Why I’m Not Writing in NaNoWriMo

The chill winds of October remind me that November approaches and with November comes the promise of National Novel Writing Month.  I used to love National Novel Writing Month.  The challenge, the discipline did me good.  The impetus of just writing, write even if you don’t know what to write, just keep the fingers flying on the keyboard compelled me.

I’ve attempted NaNoWriMo several times and only succeeded once.  I have friends and acquaintences who continue to participate and succeed on a regular basis.

As much as I appreciate the discipline and challenge of NaNoWriMo, I have a fundamental problem with the structure of NaNoWriMo.  The one time Iw succeeded, I spewed such drivel upon the page in the final days, that the last 5,000 words were useless to me. The whole novel begs for a rewrite of an epic proportion.  When it comes to wrtiting, I’m a plotter. I need spreadsheets, index cards, maps, and research to be comfortable with what I’m writing. I’m the kind of writer who first needs to build a world and then populate it with stories.

Yet, that produces very dull stories. At least when I do it. My imagination is clean. I don’t mean that in terms of being naughty or nice, but in terms of who I imagine worlds.  My initial constructs of my fictional worlds are very much like Asimov’s worlds, or Heinlein’s. There is a minimalism and a cleanliness… or at least the absence of the grime and grit that actually make worlds interesting.

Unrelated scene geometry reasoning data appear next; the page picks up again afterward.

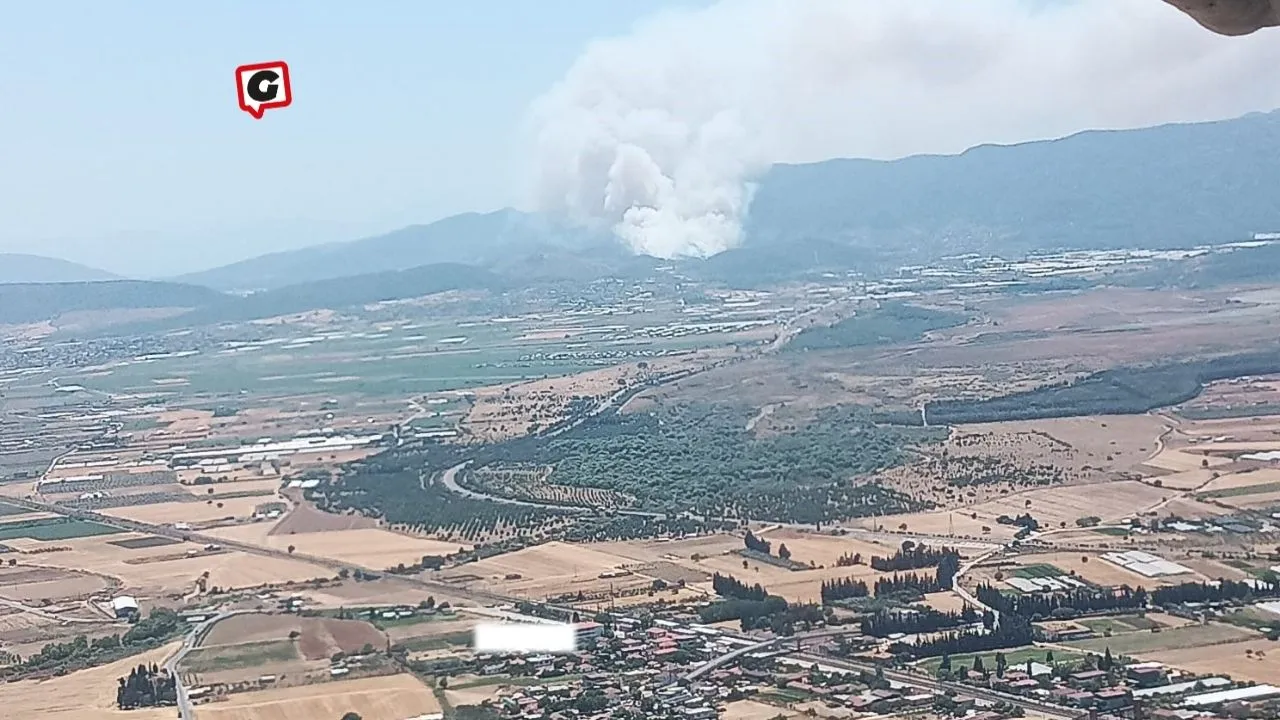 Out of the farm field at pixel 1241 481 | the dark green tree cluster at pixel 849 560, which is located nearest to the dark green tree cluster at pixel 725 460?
the dark green tree cluster at pixel 849 560

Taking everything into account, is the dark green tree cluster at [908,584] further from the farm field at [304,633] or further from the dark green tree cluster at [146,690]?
the dark green tree cluster at [146,690]

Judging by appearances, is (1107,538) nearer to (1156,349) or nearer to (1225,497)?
(1225,497)

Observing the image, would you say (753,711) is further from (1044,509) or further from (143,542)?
(143,542)

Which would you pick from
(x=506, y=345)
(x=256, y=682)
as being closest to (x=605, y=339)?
(x=506, y=345)

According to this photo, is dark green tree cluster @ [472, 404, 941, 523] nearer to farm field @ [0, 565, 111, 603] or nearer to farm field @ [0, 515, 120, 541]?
farm field @ [0, 515, 120, 541]

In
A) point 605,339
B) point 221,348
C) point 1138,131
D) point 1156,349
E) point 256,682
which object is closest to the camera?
point 256,682

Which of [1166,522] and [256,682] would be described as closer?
[256,682]

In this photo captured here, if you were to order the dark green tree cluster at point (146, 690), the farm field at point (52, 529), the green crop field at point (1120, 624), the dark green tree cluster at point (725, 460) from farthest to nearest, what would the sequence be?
the farm field at point (52, 529), the dark green tree cluster at point (725, 460), the green crop field at point (1120, 624), the dark green tree cluster at point (146, 690) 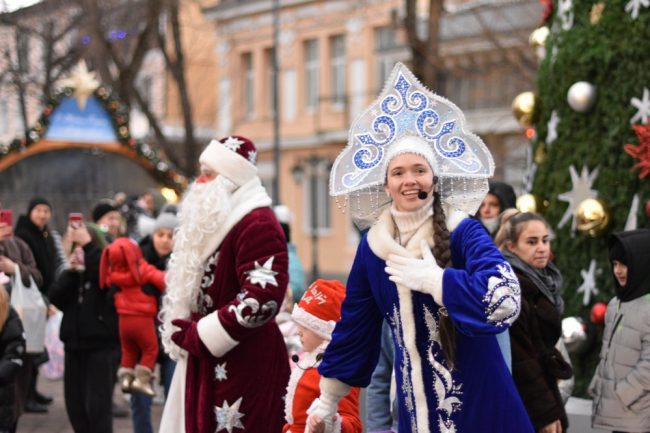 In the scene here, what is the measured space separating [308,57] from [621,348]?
3230 centimetres

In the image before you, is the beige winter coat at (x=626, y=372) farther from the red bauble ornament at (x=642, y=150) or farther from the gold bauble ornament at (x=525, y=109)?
Result: the gold bauble ornament at (x=525, y=109)

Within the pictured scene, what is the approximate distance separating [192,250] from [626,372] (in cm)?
230

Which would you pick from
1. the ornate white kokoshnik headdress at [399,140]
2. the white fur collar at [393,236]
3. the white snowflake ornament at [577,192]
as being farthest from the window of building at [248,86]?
the white fur collar at [393,236]

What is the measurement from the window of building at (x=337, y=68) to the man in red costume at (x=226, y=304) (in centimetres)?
2995

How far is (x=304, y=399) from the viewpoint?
516cm

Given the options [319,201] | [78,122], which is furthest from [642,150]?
[319,201]

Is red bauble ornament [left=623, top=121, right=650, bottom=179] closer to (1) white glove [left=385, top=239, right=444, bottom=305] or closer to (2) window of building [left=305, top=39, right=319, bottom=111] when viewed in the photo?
(1) white glove [left=385, top=239, right=444, bottom=305]

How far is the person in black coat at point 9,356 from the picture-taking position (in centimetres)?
695

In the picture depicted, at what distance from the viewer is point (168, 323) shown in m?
5.70

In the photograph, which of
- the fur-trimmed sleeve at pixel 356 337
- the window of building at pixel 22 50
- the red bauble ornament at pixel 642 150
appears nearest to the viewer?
the fur-trimmed sleeve at pixel 356 337

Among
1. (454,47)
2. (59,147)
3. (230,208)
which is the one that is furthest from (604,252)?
(454,47)

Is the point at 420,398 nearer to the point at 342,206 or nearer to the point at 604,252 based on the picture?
the point at 342,206

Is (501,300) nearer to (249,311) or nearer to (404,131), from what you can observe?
(404,131)

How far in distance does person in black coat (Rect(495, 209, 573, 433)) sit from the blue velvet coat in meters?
1.12
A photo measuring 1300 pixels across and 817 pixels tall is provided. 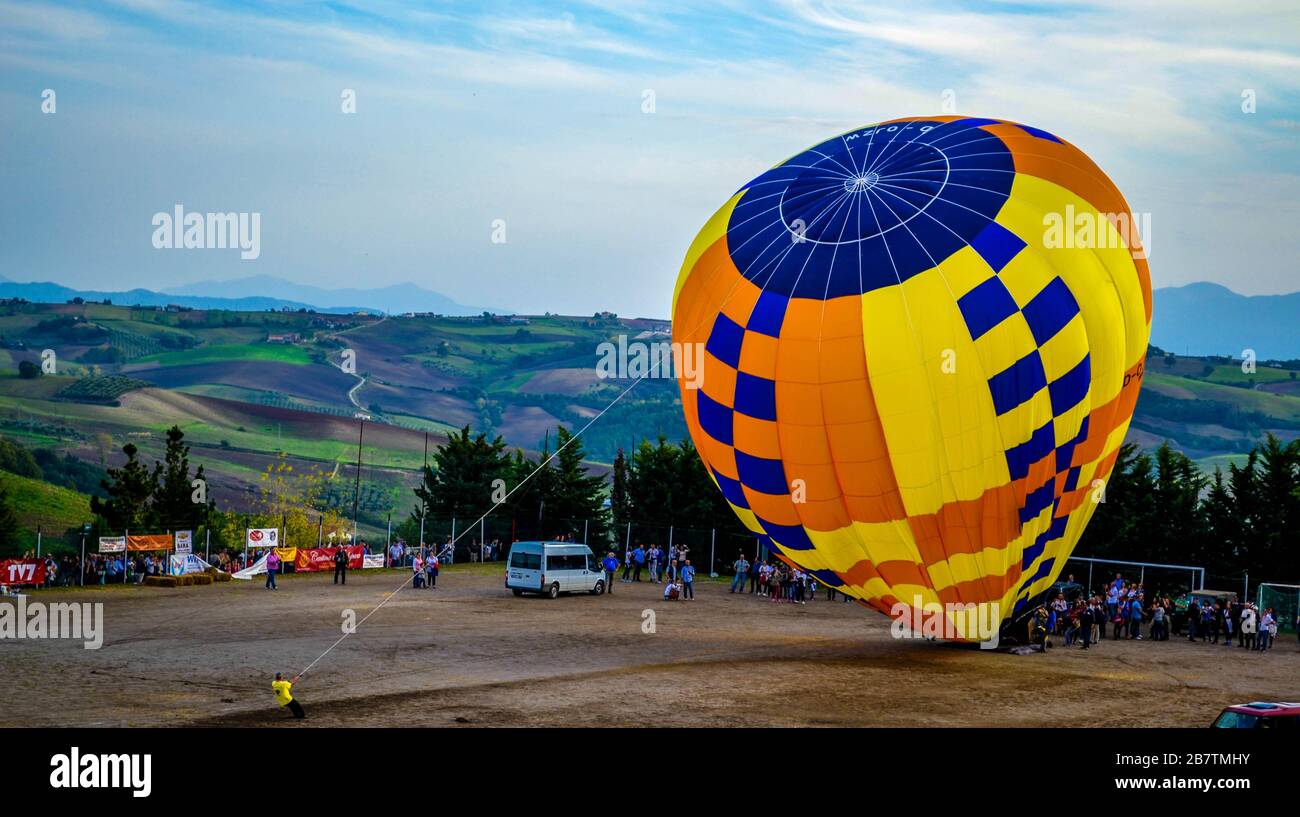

This is actually one of the things I really love about Joss Whedon’s works. He takes the standard tropes and then muddies the waters. A lot. As much as possible. It takes a lot of effort for me to muddy the waters. I like things to be easy. Easy, in stories, is boring.

In this vein, obviously, I should thrive under NaNoWriMo, forced to create on the fly is the best way to create the grime that makes a story interesting.

What I write under that pressure does create some fascinating cracks in pristine structure for the interesting quirkiness to come through, but I’m frustrated by it.

So I’m not writing in NaNo. But I still wish I was.

To my friends who take up the challenge year after year, I see you in the same category as my friends who run marathons as I run 5Ks. I’m jealous and awed.